Freshly exposed land is often referred to as raw; when weathered it becomes mellow. Once mellow , a seedbed is more easily prepared. The weathering process and influence of cultivation tend to produce rounded blocky structures and rounded granules in the cultivated zone.

Cultivation of soil by hand or mechanized implements is undertaken to produce a suitable rooting environment for plants, to destroy pests and weeds and to mix in plant residues, manures and fertilizers. However, the use of cultivators can lead to the formation of platy layers or pans, which are characterized by the lack of vertical cracks and form an obstruction to root and water movement. The surface of soils is also compacted to create surface capping by associated traffic, whether by feet or tyres, if undertaken in the wrong conditions (see soil consistency).

Natural pans develop in some soils as a result of fine material cementing a layer of soil together. In some sandy soils rich in iron oxide, these oxides cement together a layer of sand where there has been a fluctuating water table, to produce an iron pan.

Structural stability
Soil aggregates with little or no stability collapse spontaneously as they soak up water, i.e. they slake. Those high in fine sand or silt are particularly vulnerable to slaking. Aggregates with better stability maintain their shape when wetted for a short time, but gradually pieces fall off if left immersed in water. Aggregates with good structural stability are able to resist damage when wet unless vigorously disturbed. Soils with a high level of clay content have better stability than those with low levels. Stability is also increased by the presence of calcium carbonate (chalk), iron oxides, and, most importantly, humus.

Tilth
The soil surface or seedbed should be carefully managed to produce the required crumb structure.

Figure 17.14 Soil cap.
Figure 17.14 Soil cap.
Sandy soils are easily broken down to the right size with cultivation equipment. Heavier soils are less easy to cultivate and benefit from weathering to produce a frost ‘mould’.

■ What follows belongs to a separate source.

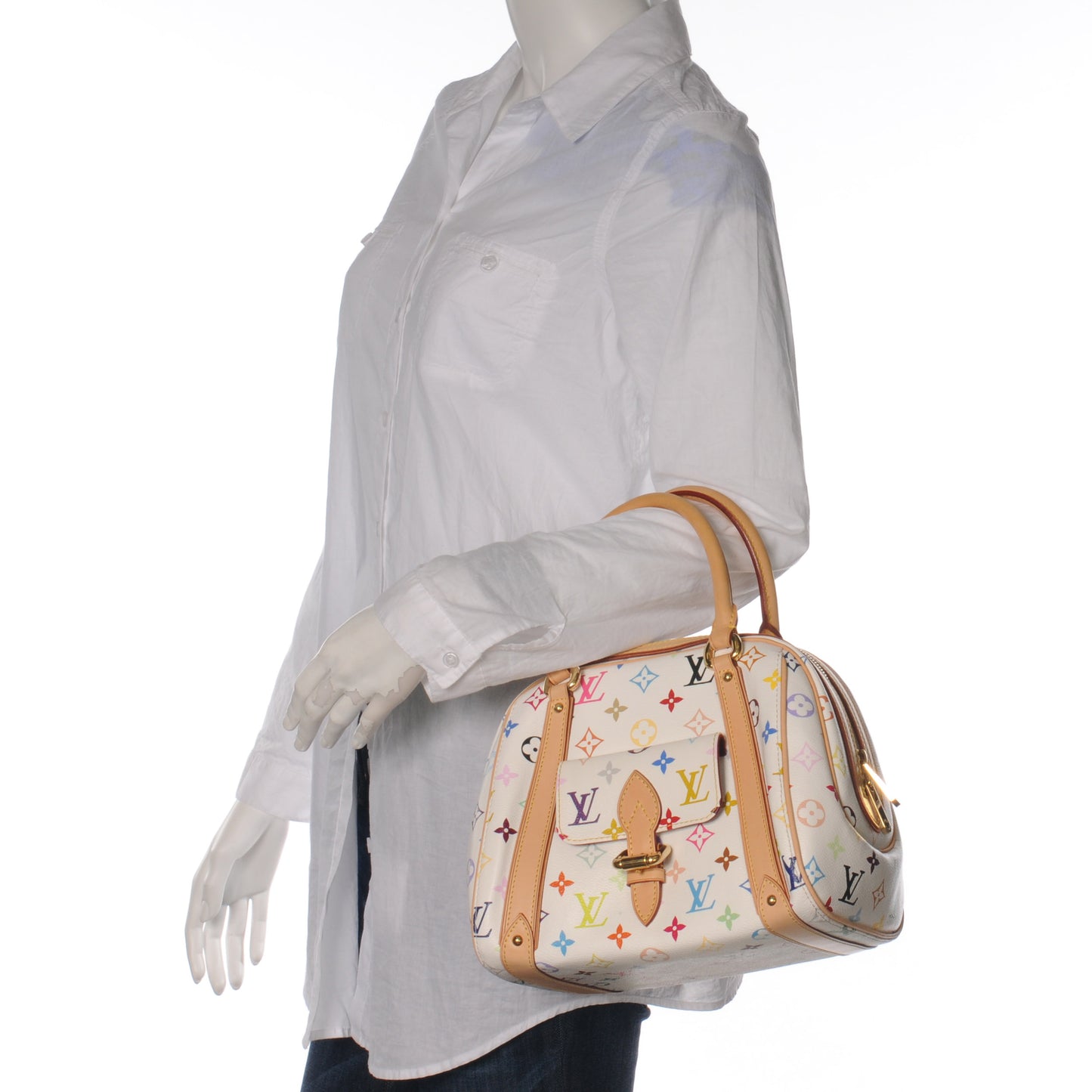 Monogram Multicolor Priscilla White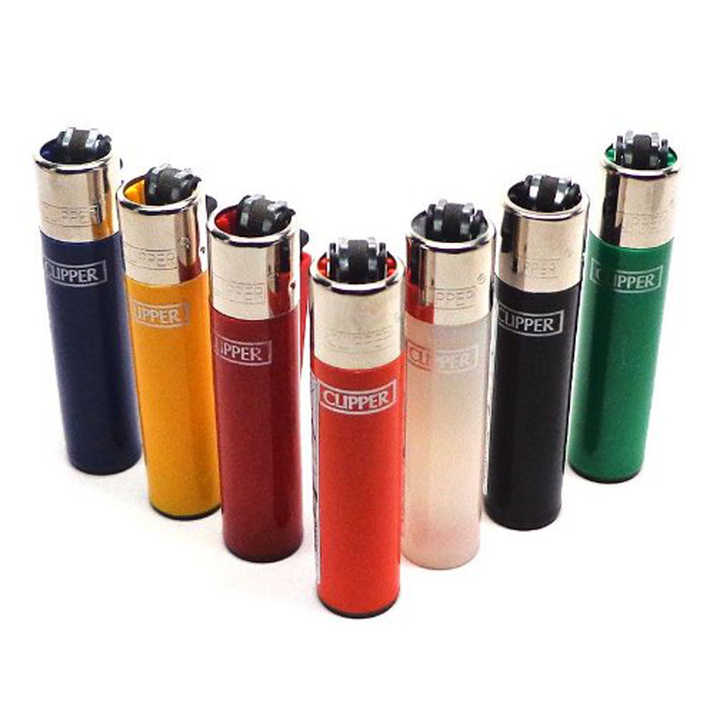 Full Size Random Color & Mix Design Refillable Clipper Lighters Lighter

The fineness of a seedbed should be related to the size of seeds, but ideally consists of granules or crumbs between 0.5 and 5 mm in diameter (see Figure 17.12). Cloddy surfaces lead to poor germination, as well as poor results from soil herbicide treatments. The rain on the soil surface breaks down tilth. As soil crumbs break up, the particles fill in the gaps; this reduces infiltration rates. As the surface dries, a cap or pan is formed (Figure 17.14). Thus fine ‘dusty’ tilths should be avoided and the soil crumbs should be stable so that they can withstand the effect of rain until plants are established. This is particularly important on fine sandy and silty soils, which tend to have poor structural stability. In general, fine tilths should be avoided outdoors until well into spring when conditions are becoming more favourable and growth through any developing cap is rapid.